What is being asked:
Exactly reproduce the line that contains "Eine Million Euro" and all lines after it in the entries below, through the very last line.

Data shown:
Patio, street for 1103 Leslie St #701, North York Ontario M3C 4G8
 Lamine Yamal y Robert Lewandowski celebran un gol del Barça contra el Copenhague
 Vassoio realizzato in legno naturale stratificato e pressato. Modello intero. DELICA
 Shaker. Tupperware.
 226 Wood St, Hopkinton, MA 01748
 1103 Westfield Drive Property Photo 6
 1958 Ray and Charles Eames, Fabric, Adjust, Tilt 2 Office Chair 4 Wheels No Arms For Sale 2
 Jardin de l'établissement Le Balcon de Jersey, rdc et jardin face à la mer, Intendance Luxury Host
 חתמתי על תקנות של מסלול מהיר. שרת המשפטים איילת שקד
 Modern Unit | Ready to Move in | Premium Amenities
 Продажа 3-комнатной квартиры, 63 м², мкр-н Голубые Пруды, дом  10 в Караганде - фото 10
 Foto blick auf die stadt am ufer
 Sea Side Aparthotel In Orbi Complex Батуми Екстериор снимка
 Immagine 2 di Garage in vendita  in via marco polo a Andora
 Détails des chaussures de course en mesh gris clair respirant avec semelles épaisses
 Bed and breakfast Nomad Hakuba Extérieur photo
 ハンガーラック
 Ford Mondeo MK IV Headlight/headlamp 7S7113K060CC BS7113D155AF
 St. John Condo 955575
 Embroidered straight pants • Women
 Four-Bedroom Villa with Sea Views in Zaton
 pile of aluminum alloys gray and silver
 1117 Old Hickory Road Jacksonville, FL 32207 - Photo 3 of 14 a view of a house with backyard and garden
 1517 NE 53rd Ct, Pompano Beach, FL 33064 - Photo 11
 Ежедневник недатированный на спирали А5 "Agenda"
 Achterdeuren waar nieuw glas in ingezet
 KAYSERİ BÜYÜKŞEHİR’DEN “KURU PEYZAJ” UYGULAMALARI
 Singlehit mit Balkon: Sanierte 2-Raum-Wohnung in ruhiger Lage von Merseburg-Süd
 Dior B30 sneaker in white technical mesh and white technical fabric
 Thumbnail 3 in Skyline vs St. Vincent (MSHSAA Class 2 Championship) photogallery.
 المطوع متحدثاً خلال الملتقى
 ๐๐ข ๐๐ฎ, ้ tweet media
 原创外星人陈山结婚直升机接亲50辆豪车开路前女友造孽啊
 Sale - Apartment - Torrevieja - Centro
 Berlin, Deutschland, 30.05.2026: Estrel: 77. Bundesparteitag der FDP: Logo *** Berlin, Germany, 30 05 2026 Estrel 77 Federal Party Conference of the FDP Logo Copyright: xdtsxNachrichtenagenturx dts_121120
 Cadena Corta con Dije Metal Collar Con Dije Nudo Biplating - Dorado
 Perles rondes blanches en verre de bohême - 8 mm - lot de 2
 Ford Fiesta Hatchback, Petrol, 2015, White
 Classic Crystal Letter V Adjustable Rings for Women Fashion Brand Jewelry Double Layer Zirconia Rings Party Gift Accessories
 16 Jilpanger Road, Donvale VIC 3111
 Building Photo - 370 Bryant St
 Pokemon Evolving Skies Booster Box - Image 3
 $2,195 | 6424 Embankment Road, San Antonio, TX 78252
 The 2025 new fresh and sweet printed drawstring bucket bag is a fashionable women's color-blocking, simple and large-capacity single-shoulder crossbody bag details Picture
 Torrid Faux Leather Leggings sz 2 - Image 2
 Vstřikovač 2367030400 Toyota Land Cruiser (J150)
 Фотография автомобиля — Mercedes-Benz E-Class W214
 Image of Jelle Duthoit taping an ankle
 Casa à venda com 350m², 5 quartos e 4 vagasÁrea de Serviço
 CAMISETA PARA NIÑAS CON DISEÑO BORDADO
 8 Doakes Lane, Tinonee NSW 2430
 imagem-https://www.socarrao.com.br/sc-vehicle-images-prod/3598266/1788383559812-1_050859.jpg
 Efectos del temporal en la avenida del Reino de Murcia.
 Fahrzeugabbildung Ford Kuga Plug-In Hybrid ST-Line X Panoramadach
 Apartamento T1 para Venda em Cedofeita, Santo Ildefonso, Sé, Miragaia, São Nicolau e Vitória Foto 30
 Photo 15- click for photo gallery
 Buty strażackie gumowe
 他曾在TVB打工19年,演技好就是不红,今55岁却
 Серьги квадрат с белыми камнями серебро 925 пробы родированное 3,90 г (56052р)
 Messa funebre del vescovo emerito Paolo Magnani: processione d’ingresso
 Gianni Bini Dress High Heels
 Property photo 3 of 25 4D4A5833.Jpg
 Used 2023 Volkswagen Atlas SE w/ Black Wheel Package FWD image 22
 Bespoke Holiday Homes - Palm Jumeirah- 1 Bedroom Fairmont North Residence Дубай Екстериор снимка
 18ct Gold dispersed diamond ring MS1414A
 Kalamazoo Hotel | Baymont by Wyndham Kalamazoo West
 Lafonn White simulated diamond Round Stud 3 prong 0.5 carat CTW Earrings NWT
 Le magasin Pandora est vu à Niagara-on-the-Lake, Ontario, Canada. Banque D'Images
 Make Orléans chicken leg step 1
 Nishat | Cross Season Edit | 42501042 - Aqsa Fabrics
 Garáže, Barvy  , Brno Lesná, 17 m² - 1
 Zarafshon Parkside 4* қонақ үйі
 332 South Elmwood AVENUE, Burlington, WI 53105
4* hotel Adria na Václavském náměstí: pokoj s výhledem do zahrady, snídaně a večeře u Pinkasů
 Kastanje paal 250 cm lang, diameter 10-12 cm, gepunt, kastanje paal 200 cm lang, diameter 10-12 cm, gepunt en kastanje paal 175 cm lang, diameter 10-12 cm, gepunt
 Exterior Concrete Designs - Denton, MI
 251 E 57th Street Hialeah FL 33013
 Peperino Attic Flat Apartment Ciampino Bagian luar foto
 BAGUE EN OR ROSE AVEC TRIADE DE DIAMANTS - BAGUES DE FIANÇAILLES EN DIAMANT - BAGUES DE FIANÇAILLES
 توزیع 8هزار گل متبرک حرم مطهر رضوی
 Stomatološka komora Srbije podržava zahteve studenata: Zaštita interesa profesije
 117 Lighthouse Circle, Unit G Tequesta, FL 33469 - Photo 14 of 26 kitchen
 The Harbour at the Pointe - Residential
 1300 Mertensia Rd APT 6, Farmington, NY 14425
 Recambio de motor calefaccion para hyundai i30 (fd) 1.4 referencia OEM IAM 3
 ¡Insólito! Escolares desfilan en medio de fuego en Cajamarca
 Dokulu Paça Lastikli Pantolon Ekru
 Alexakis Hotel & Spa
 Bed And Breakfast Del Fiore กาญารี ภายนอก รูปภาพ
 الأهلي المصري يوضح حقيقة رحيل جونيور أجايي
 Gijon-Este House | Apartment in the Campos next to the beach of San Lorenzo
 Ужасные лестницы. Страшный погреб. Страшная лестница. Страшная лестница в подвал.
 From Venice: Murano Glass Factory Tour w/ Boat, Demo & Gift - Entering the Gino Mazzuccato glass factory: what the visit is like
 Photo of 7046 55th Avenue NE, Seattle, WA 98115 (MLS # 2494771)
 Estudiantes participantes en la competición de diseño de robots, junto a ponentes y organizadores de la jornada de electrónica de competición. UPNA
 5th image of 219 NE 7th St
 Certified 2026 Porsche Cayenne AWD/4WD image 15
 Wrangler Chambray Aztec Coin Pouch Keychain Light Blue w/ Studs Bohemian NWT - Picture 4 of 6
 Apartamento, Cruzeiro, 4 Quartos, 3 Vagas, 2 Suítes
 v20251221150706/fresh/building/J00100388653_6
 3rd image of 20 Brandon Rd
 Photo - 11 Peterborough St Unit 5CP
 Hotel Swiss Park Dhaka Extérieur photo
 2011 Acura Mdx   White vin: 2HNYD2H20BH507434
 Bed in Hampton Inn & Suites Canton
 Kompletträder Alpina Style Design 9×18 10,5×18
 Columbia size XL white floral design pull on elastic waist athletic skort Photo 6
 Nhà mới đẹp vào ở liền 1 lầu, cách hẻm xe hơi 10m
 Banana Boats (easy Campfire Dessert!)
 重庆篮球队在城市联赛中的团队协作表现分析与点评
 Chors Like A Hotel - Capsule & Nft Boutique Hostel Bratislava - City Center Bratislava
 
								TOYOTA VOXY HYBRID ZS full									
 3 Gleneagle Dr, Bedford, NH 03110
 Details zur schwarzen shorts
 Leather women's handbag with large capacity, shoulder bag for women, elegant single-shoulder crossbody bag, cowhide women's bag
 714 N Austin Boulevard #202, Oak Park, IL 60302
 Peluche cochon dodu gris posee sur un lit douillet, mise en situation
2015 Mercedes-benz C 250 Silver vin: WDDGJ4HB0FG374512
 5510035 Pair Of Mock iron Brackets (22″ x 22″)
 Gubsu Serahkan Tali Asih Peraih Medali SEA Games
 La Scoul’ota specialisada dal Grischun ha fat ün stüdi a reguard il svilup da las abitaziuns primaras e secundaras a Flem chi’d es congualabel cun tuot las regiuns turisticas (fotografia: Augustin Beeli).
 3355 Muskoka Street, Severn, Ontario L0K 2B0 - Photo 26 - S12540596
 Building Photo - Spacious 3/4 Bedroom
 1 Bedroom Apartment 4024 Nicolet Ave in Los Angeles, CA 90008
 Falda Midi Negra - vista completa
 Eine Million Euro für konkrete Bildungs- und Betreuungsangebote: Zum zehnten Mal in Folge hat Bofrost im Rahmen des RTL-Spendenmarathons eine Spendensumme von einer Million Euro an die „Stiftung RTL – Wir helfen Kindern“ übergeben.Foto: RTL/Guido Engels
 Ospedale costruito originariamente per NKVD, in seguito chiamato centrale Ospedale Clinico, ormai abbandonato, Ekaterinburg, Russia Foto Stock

Written solution:
 Eine Million Euro für konkrete Bildungs- und Betreuungsangebote: Zum zehnten Mal in Folge hat Bofrost im Rahmen des RTL-Spendenmarathons eine Spendensumme von einer Million Euro an die „Stiftung RTL – Wir helfen Kindern“ übergeben.Foto: RTL/Guido Engels
 Ospedale costruito originariamente per NKVD, in seguito chiamato centrale Ospedale Clinico, ormai abbandonato, Ekaterinburg, Russia Foto Stock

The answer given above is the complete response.